Licenziamento per giusta causa e tempestività della contestazione: la sentenza della Cassazione
La tempestività della contestazione disciplinare va valutata con riguardo al momento in cui il datore di lavoro ha avuto piena conoscenza dell’illecito disciplinare: lo ha stabilito la Corte di Cassazione, sezione lavoro, con ordinanza n. 7467/2023 confermando il licenziamento per giusta causa di una lavoratrice alla quale erano stati contestati gli addebiti delle spese carburante all’azienda datrice di lavoro, utilizzando l’auto aziendale per attività non collegate a quella lavorativa.
Una dipendente, alla quale era stata concessa in uso un’auto aziendale per fini esclusivamente lavorativi, veniva licenziata per aver addebitato alla società datrice di lavoro spese di carburante sostenute per spostamenti privati.
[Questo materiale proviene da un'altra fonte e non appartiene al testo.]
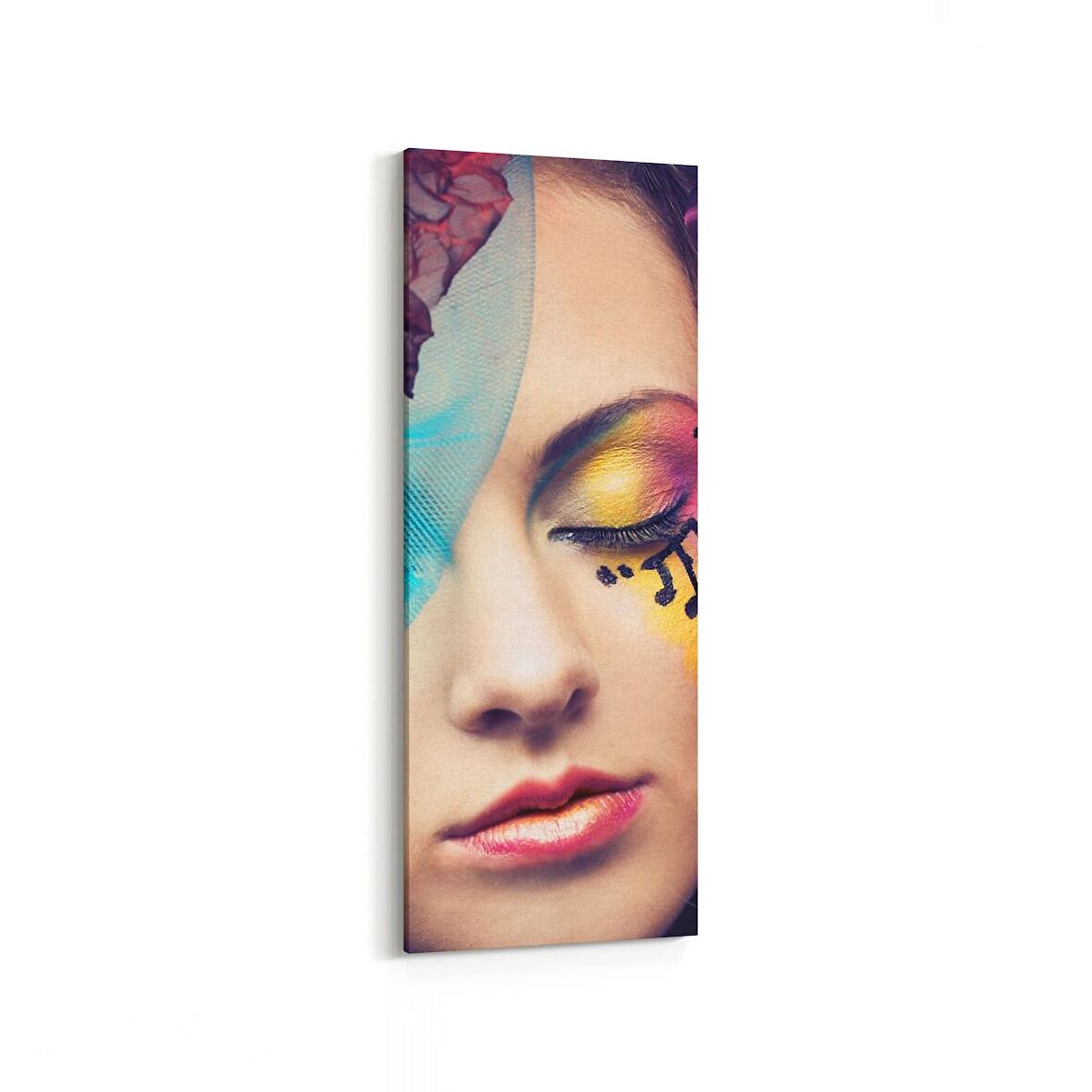 Olla 16966DI Model / Manken Görseli Dikey İnce Kanvas Tablo (Ölçü: 40X120)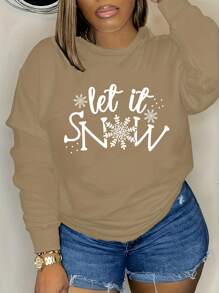 SHEIN Slayr 寬鬆版式圓領長袖運動衫 - 棕色 - 查看 1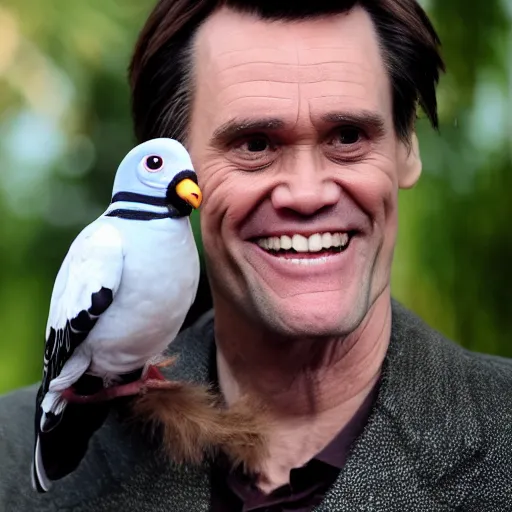 Image similar to jim carrey cosplaying as an anthropomorphic carrier pigeon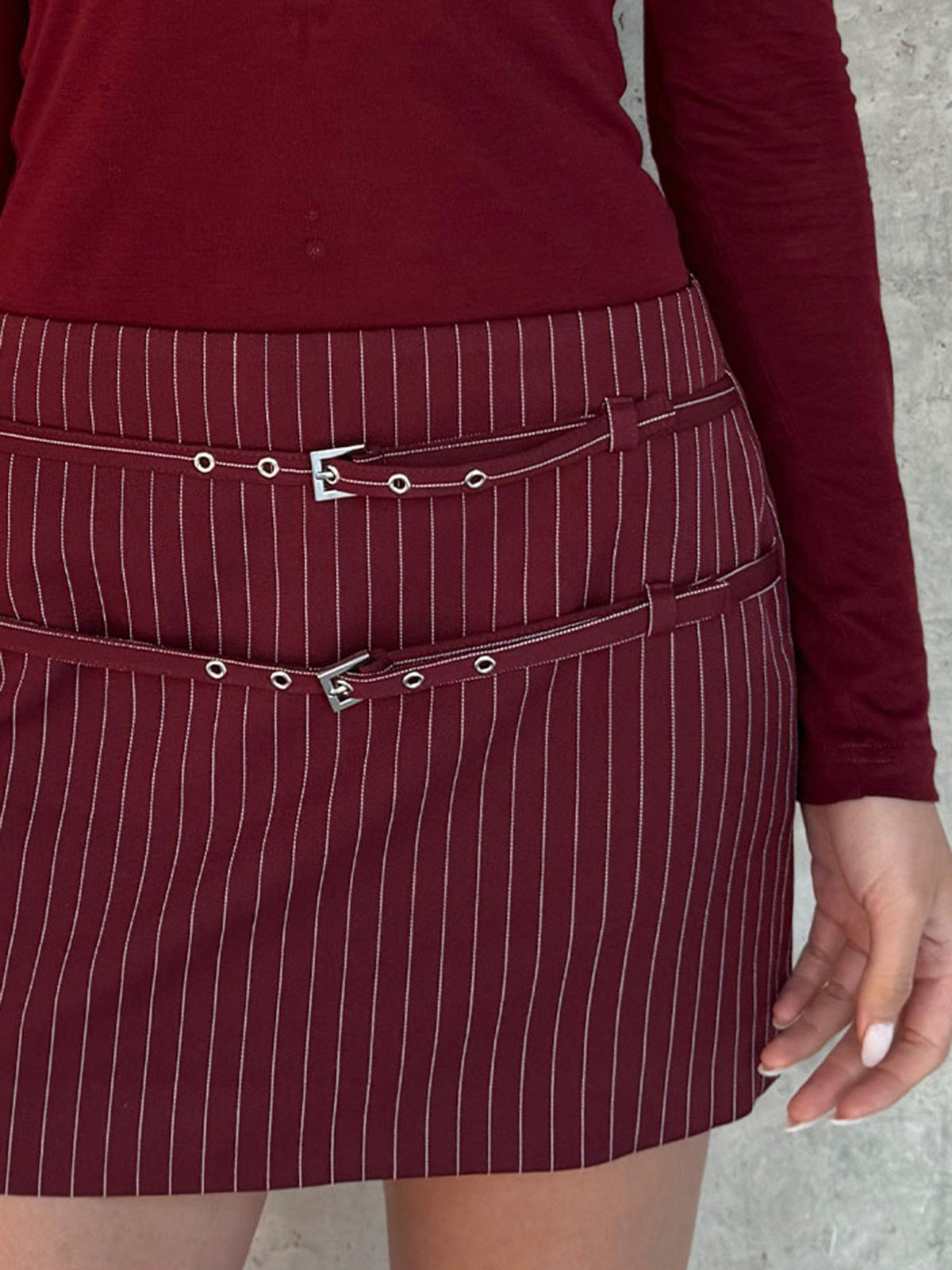 Belt-Decor Pinstripe Skirt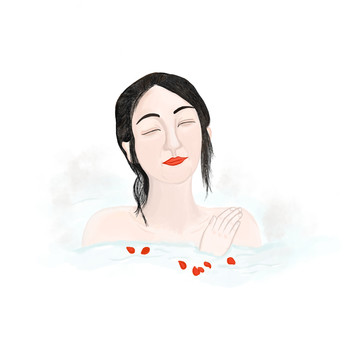 泡溫泉的女人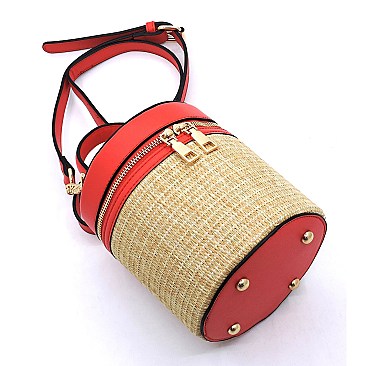 Fashion Straw Cylinder Crossbody Bag Satchel
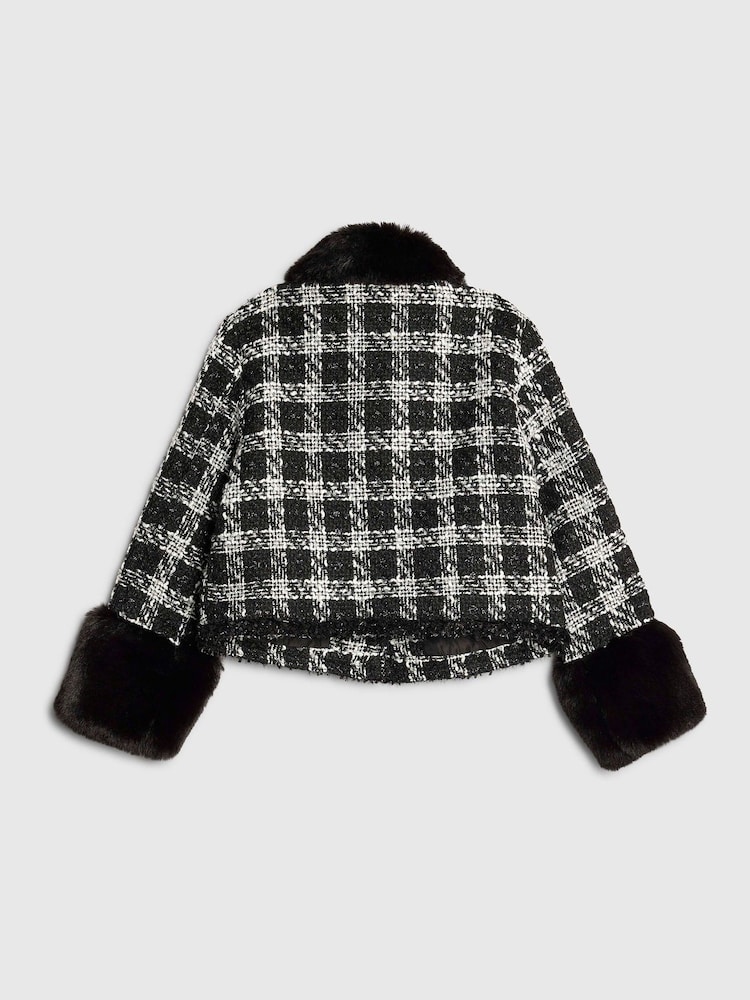 River Island Black Mono Check Boucle Jacket - Image 2 of 4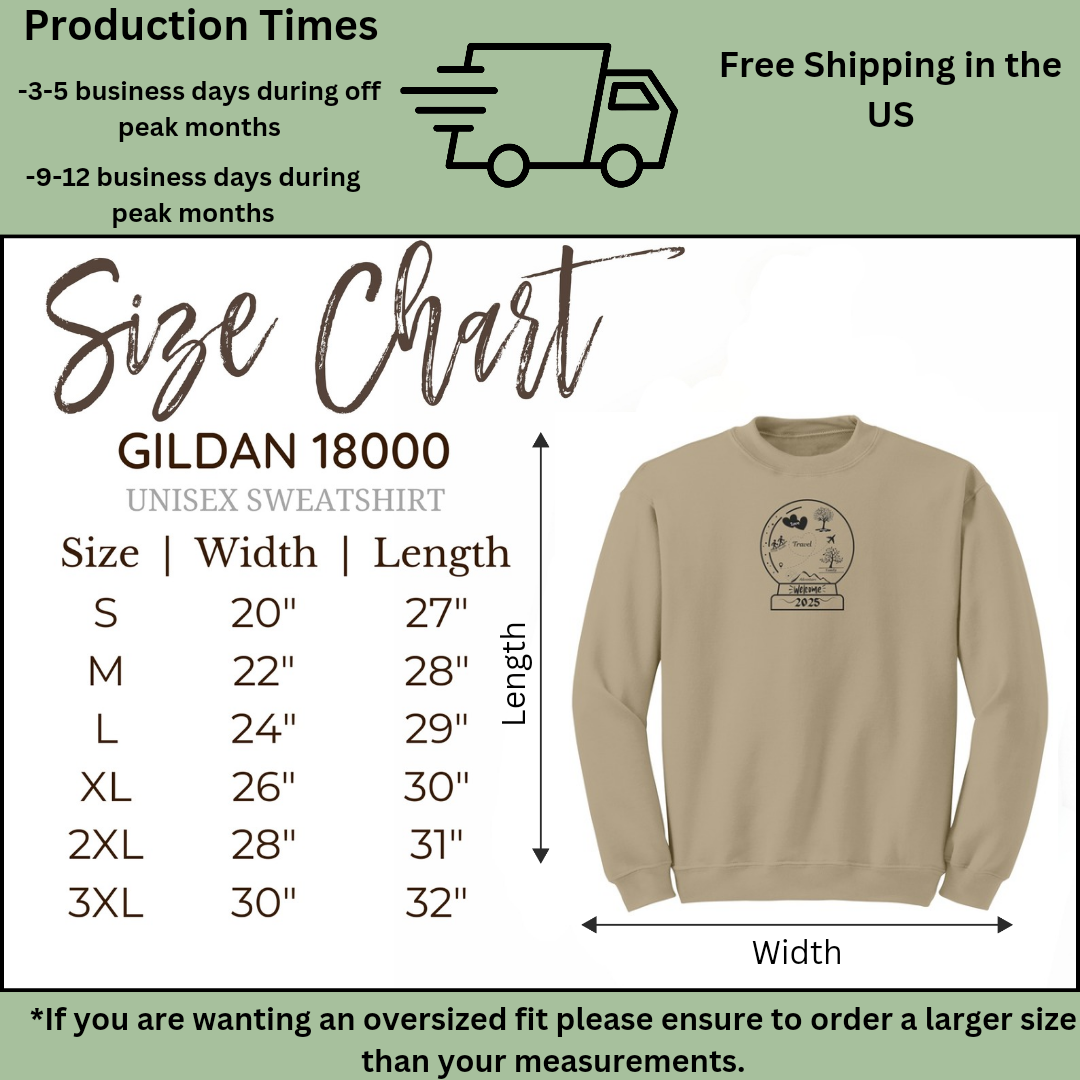 Travel Adventure Sweatshirt, Hiking Sweater, Personalized New Years Sweatshirt, Crystal Ball Sweater, Gift for Travel Lover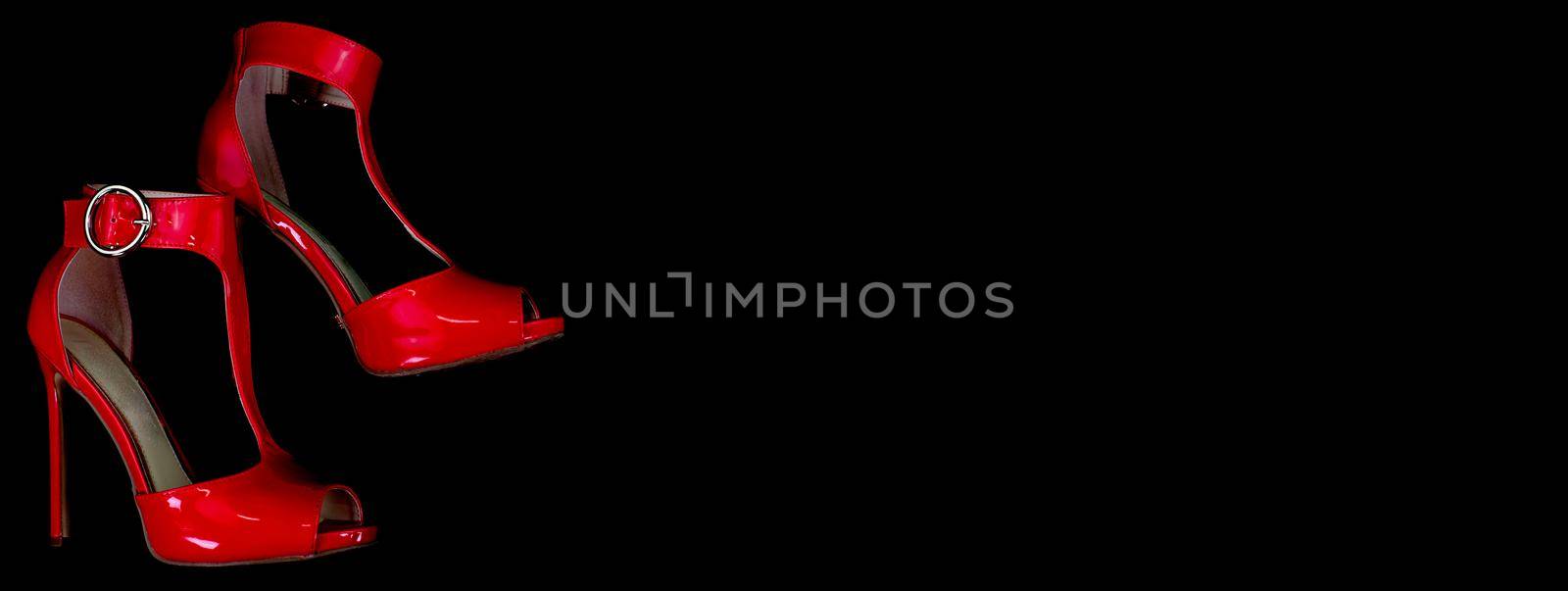 banner with red sandal summer paint black background
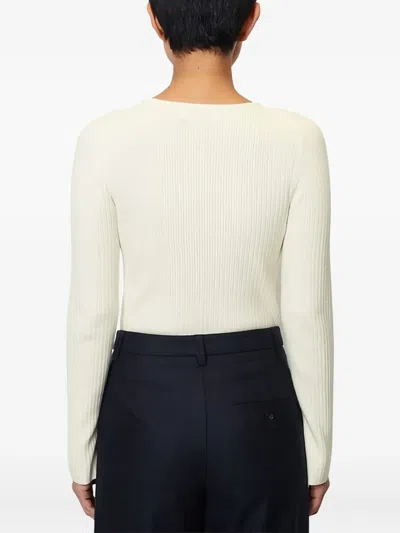 Marc O'polo Ribbed Long-sleeve Top In Neutral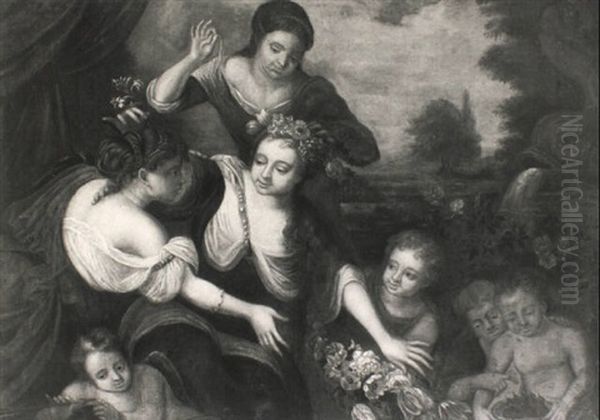 Flora Surrounded By Maidens And Putti Oil Painting by Augustus Terwesten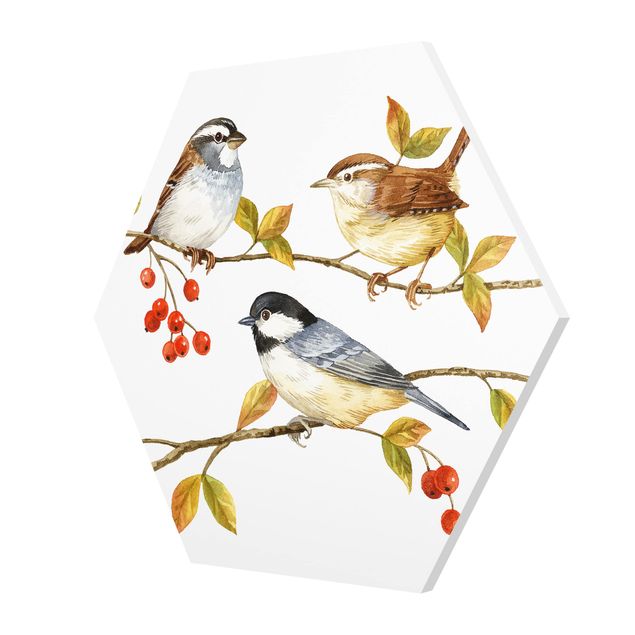 Wandbilder Vögel und Beeren - Meisen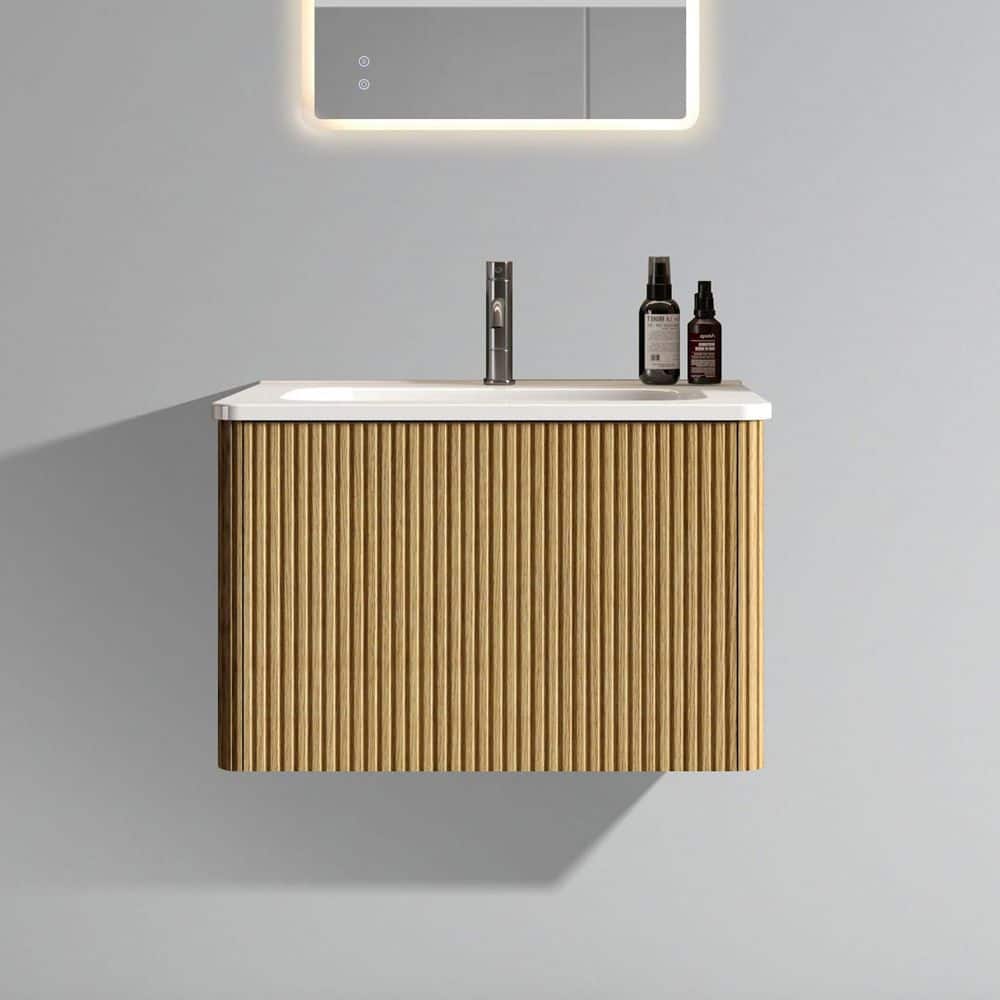ENYA 24 in. W Single Sink Floating Bath Vanity in Khaki with White Ceramic, Soft-Close Cabinet Door and Top Pop-Up Drain price history on PriceWatchPro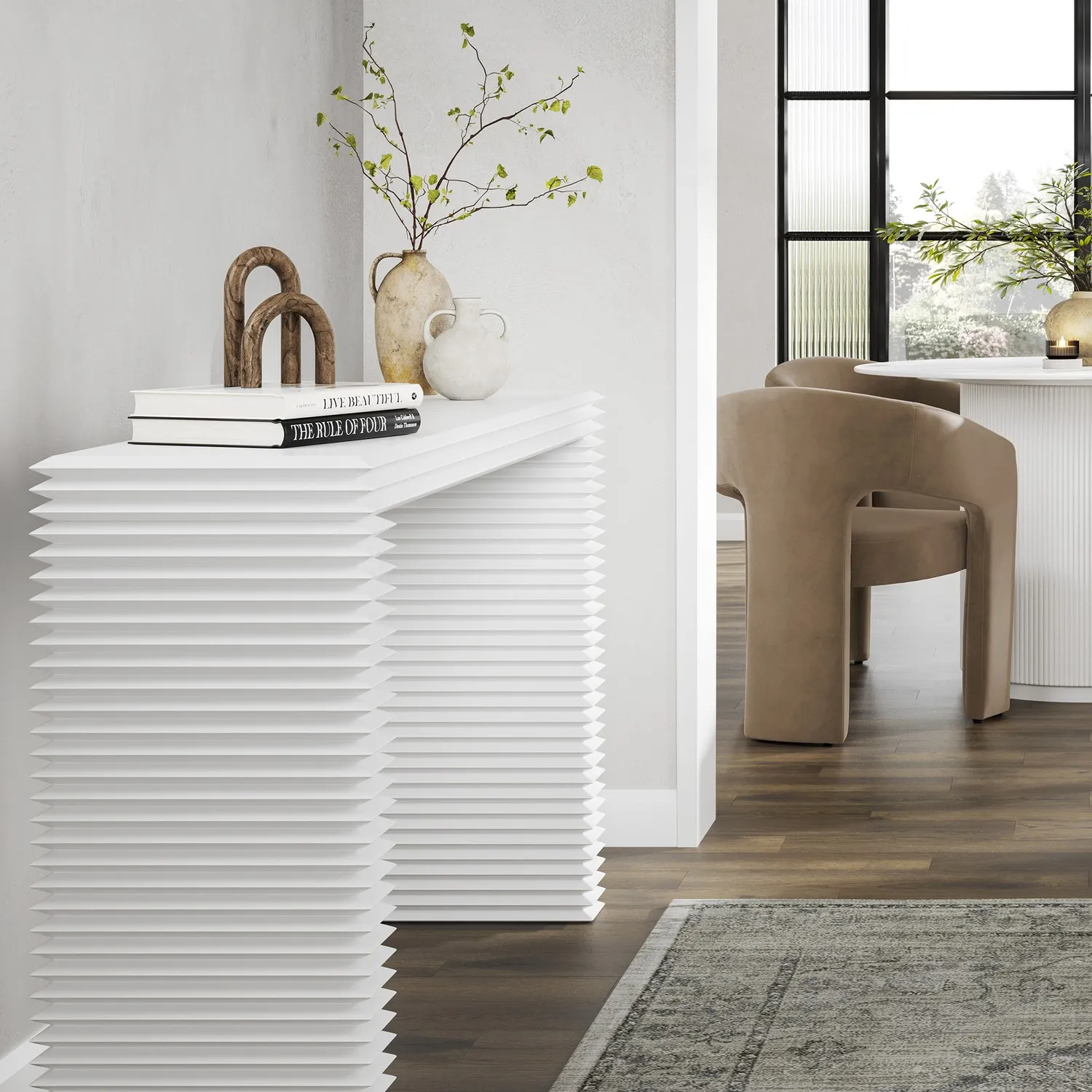 Ridged Console Table - White, MDF image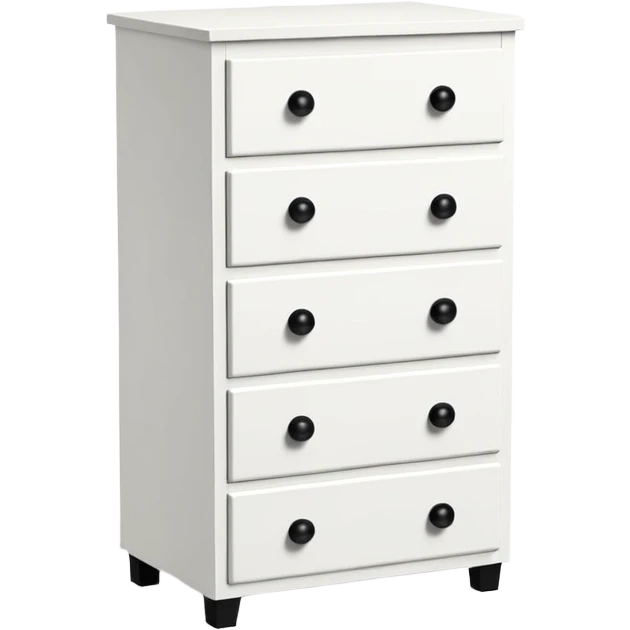 IKEA-inspired 4 feet depth white 6-drawer chest, one tiny black knob per drawer, stacked emoji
Nonostante la dipendente rendicontasse le spese di carburante mensilmente, la società veniva a conoscenza di tali illeciti addebiti soltanto con le verifiche compiute per la chiusura del bilancio relativo all’anno solare 2016.
Presa cognizione dell’inadempimento contrattuale, la società licenziava la lavoratrice.
Il Tribunale di Milano ha ritenuto che tale atto di recesso fosse intempestivo, e ciò sulla base del rilievo per cui la società aveva omesso di effettuare tempestivamente i controlli del caso, con conseguente lesione del diritto di difesa della dipendente.
La Corte di Appello di Milano ha invece accolto il reclamo proposto dalla società, ritenendo che l’immediatezza della contestazione dovesse valutarsi avendo riguardo al momento in cui il datore di lavoro ha avuto conoscenza dell’inadempimento e non al momento della sua verificazione.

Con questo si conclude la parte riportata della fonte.